JAKARTA, KOMPAS.com – Pemerintah telah mengeluarkan Peraturan Otoritas Jasa Keuangan (POJK) Nomor 11 /POJK.03/2020 tentang Stimulus Perekonomian Nasional Sebagai Kebijakan Countercyclical Dampak Penyebaran Coronavirus Disease 2019.
Namu,n regulasi tersebut dianggap tak berpihak pada pelaku bisnis transportasi umum. Padahal seperti diketahui, bisnis transportasi masuk ke dalam sektor usaha yang disebut bisa mendapat kelonggaran.

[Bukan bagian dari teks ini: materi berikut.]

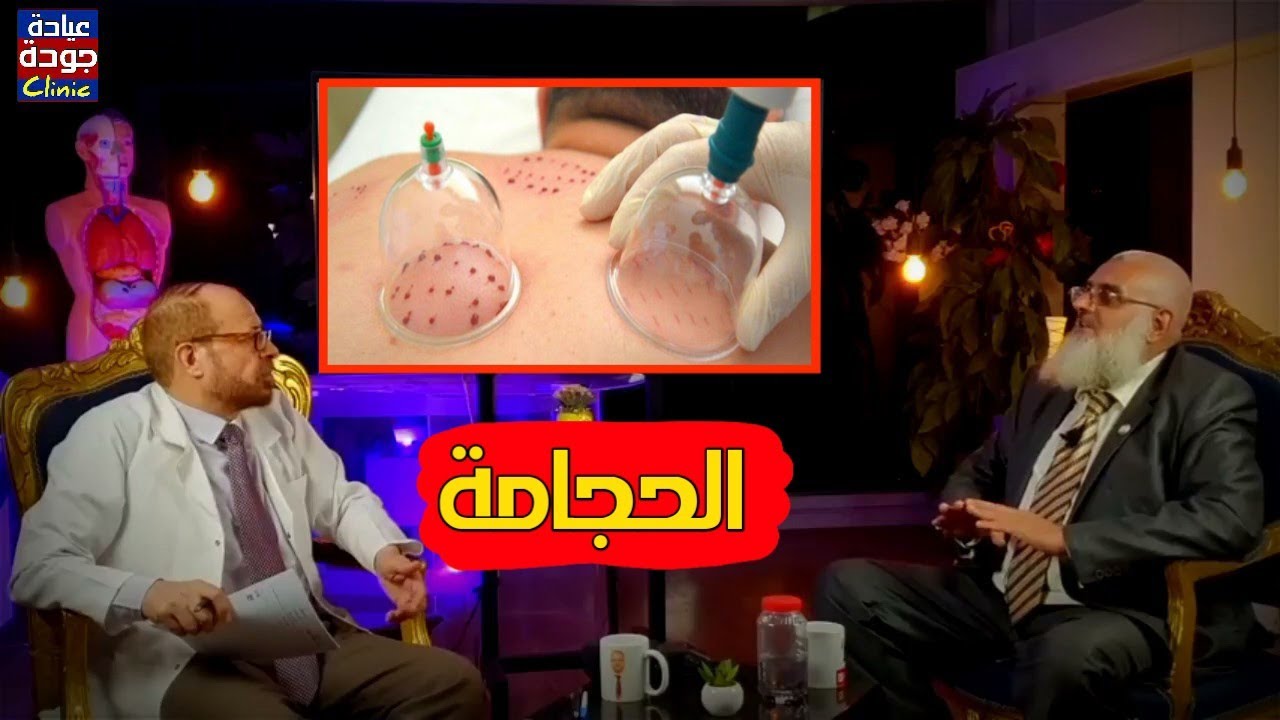الحجامة : ما لا تعرفه عنها وشروطها وعددها | دكتور جودة محمد عواد | دكتور جودة محمد عواد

Djoko Setijowarno, Ketua Bidang Advokasi dan Kemasyarakatan Masyarakat Transportasi indonesia (MTI) Pusat, mengatakan, sejumlah bisnis angkutan umum berharap mendapat program bantuan recovery demi keberlangsungan usahanya.

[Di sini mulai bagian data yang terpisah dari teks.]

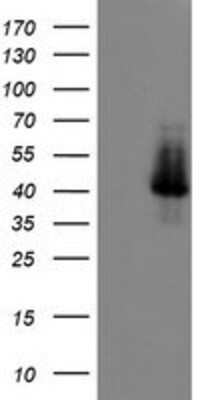 Western Blot: ELK3 Antibody (OTI1H3) [NBP2-01264]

Menurutnya, peraturan OJK yang baru dikeluarkan tidak memberikan solusi yang aman bagi keberlangsungan bisnis transportasi umum. OJK seharusnya tidak perlu membatasi debitur dengan fasilitas kredit kurang dari Rp 10 miliar yang harus dibantu.

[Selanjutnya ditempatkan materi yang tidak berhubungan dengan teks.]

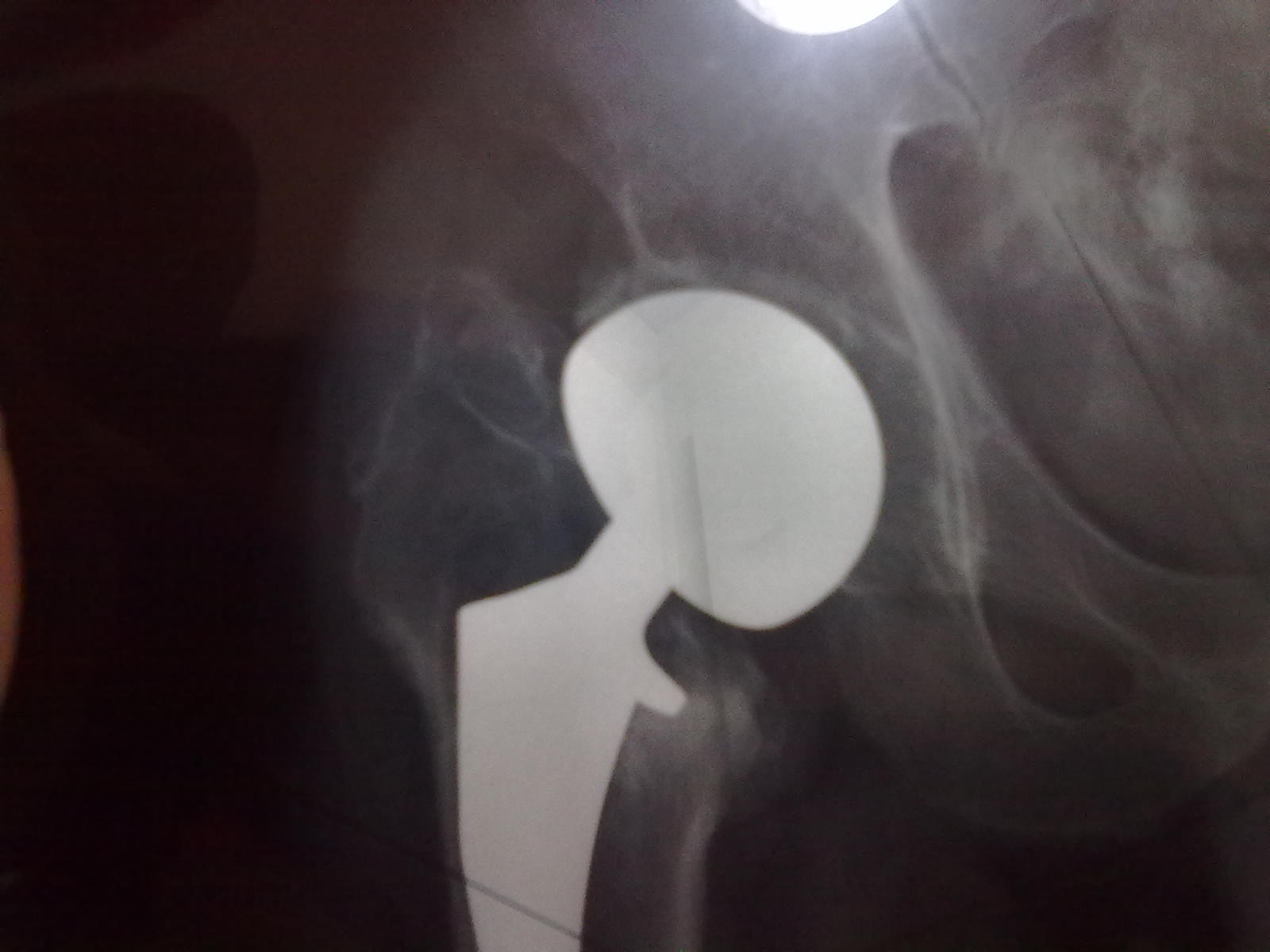 金戈如何服用，枸櫞酸西地那非片怎么使用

Ia menambahkan, permintaan pengusaha transportasi umum, yaitu penundaan kewajiban. Bukan meminta tidak membayar hutang.
Apalagi angkutan umum mengandalkan pendapatan harian, yang disisihkan sebagian untuk mencicil angsuran tiap bulan.
“Hilangkan saja batasan Rp 10 miliar itu, jika pemerintah benar-benar berpihak pada bisnis transportasi umum. Seharusnya tanpa batasan, karena yang pinjaman besar, juga makin besar risikonya” ujar Djoko, dalam keterangan tertulis (2/4/2020).
Djoko juga mengatakan, kebijakan yang dilakukan pemerintah dan OJK malah menimbulkan stigma terlalu condong pada transportasi online.
“Pemerintah jangan terlalu berpihak dan memikirkan kelanggengan bisnis transportasi online, yang sesungguhnya sekarang ini mitranya sudah membebani negara dan masyarakat,” kata Djoko.
Sementara itu Ketua Umum Ikatan Pengusaha Otobus Muda Indonesia (IPOMI) Kurnia Lesani Adnan mengatakan, peraturan OJK tidak menyebut dengan detail siapa saja pelaku usaha bidang transportasi yang bisa mendapatkan relaksasi kredit.
Sani menilai, peraturan OJK hanya menyebut ojek online dan taksi online saja yang mendapat kebijaksanaan pemerintah. Sedangkan bisnis angkutan umum merasa tidak diperhatikan.
“Bisnis kami ada yang di bawah Rp 10 miliar, ada juga yang di atas tapi tak lebih dari Rp 20 miliar, ini bagaimana,” ucap Sani kepada Kompas.com (1/4/2020).
“Karena dalam kondisi seperti ini pastinya sangat berdampak, sedangkan mereka (perusahaan leasing) berlindung pada ketetapan yang selalu disebut-sebut,” katanya.